A good starting place is Glenn Reynolds' recent article in the Wall Street Journal. Ever to the point, Reynolds opens with:
There were promises of transparency and of a new kind of collaborative politics where establishment figures listened to ordinary Americans. We were going to see net spending cuts, tax cuts for nearly all Americans, an end to earmarks, legislation posted online for the public to review before it is signed into law, and a line-by-line review of the federal budget to remove wasteful programs.
These weren't the tea-party platforms I heard discussed in Nashville last weekend. They were the campaign promises of Barack Obama in 2008.
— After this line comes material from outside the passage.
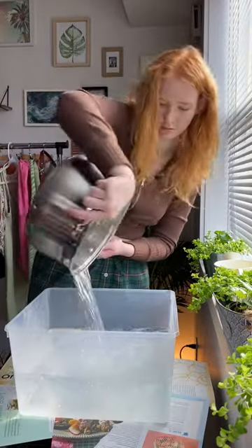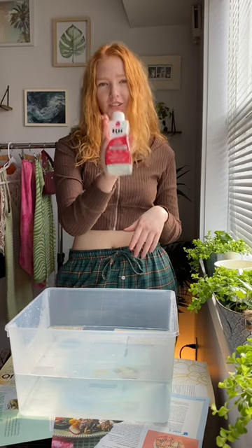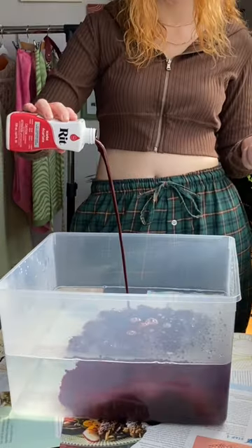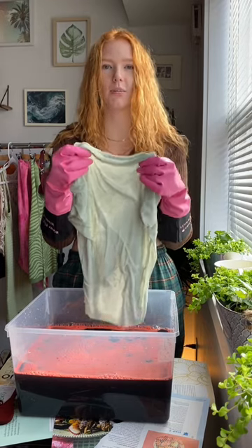The bucket. So I chose to dye the clothes red — it's called scarlet red. Make the clothes wet before you put them in the dye so that the color absorbs better.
Mr. Obama made those promises because the ideas they represented were popular with average Americans. So popular, it turns out, that average Americans are organizing themselves in pursuit of the kind of good government Mr. Obama promised, but has not delivered. And that, in a nutshell, was the feel of the National Tea Party Convention. The political elites have failed, and citizens are stepping in to pick up the slack.
Indeed. Being naturaly curious, I have over the last year attended a few TPM events. What I found did not fit neatly into stereotypes. The attendees ranged from disillusioned Democrats who felt they got "took" in 2008 to dedicated Libertarians, with the usual presence of fringe nutburgers always found in large gatherings. Birthers and Truthers were both to be found, but not in quantity, and they were oft-scoffed at and avoided by most of the crowd.
So what do the Tea Partiers really want? That was my focus. What I found can be summed up in a single word. Less.
Less borrowing. Less spending. Less taxes. Less regulation. Less corruption. Less extreme partisanship. Less "social engineering" -- from EITHER side of the aisle. Less power-grabbing for special interests. And, most especially, less government intrusion into every single aspect of our lives.
It seems that despite the generational de-emphasis of civics in American education, once you leave the extremes of the American polity, those in between still grasp the basics of the American system as expressed in the Constitution. And they want it back from the Frankensteinian behemoth that it has become. They want less.